What is needed
Only the pictures are to be omitted; everything else in the listing must be reproduced exactly.

Data below
^^^^^^^^^^^^^^^^

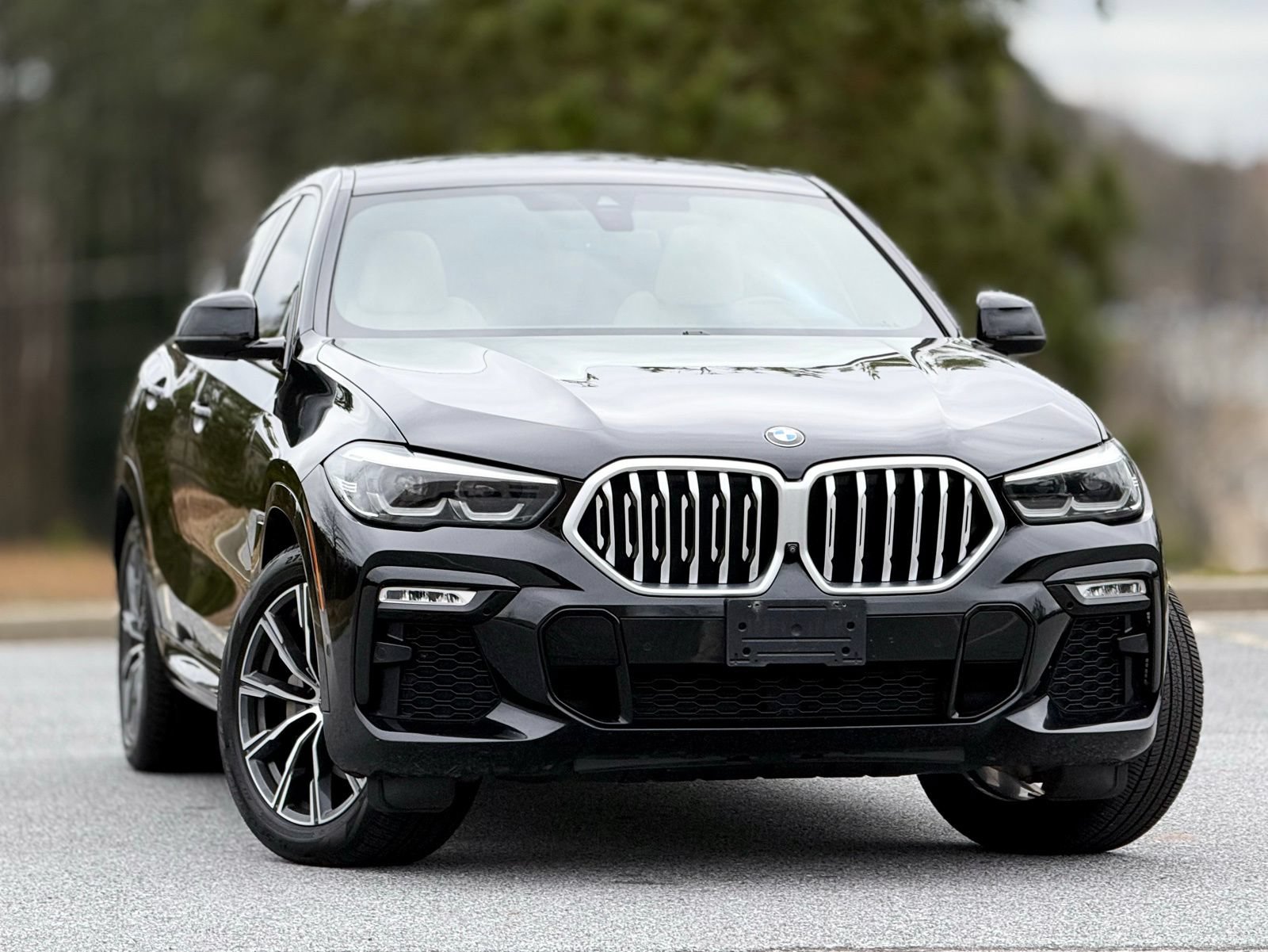 Used 2021 BMW X6 xDrive40i AWD/4WD image 3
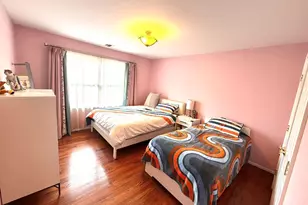 122 Walker Rd, Mineola, NY 11501 - Photo 3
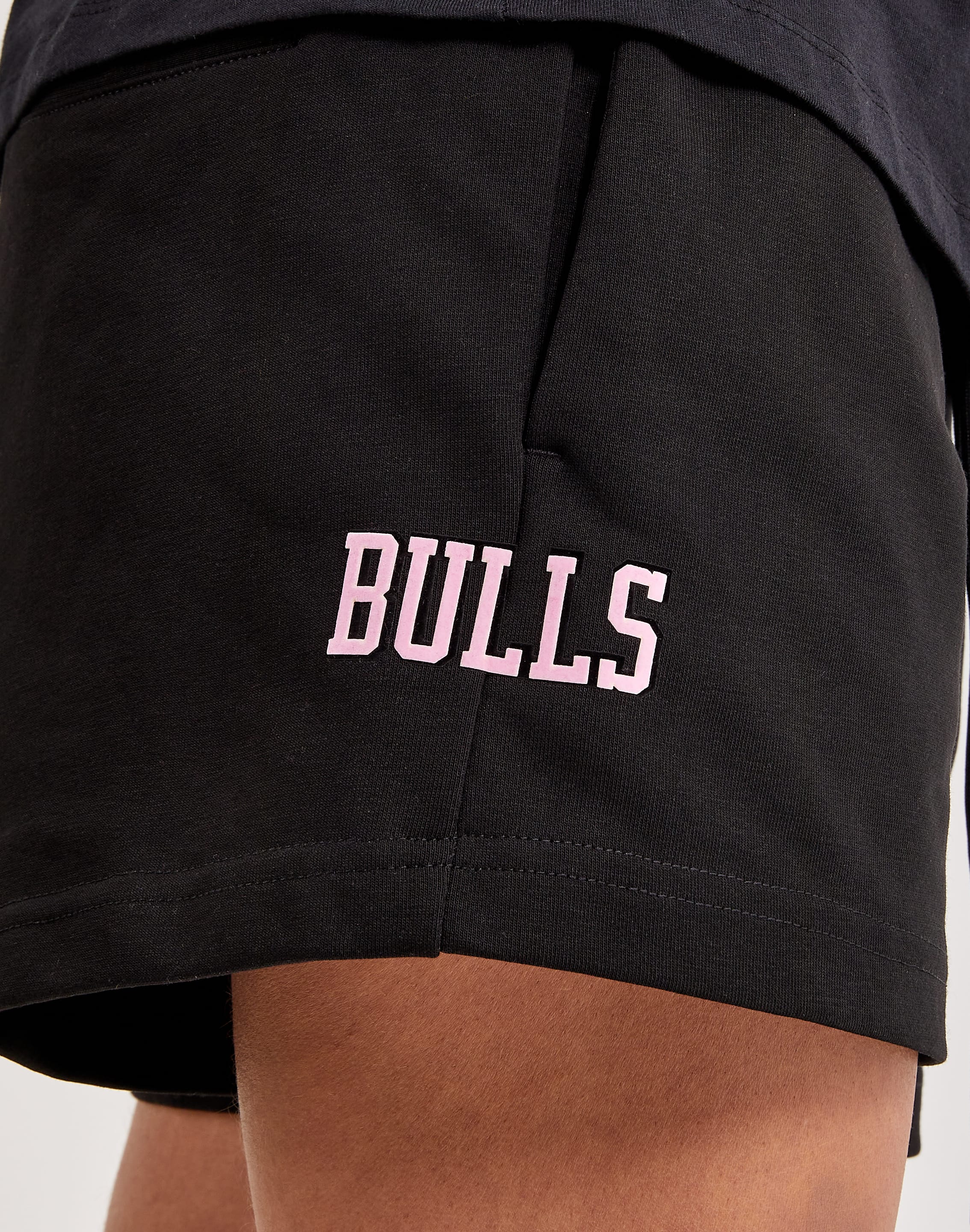 Pro Standard Chicago Bulls Washed Neon Fleece Shorts – DTLR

^^^^^^^^^^^^^^^^

Response for this exercise
 Used 2021 BMW X6 xDrive40i AWD/4WD image 3
 122 Walker Rd, Mineola, NY 11501 - Photo 3
 Pro Standard Chicago Bulls Washed Neon Fleece Shorts – DTLR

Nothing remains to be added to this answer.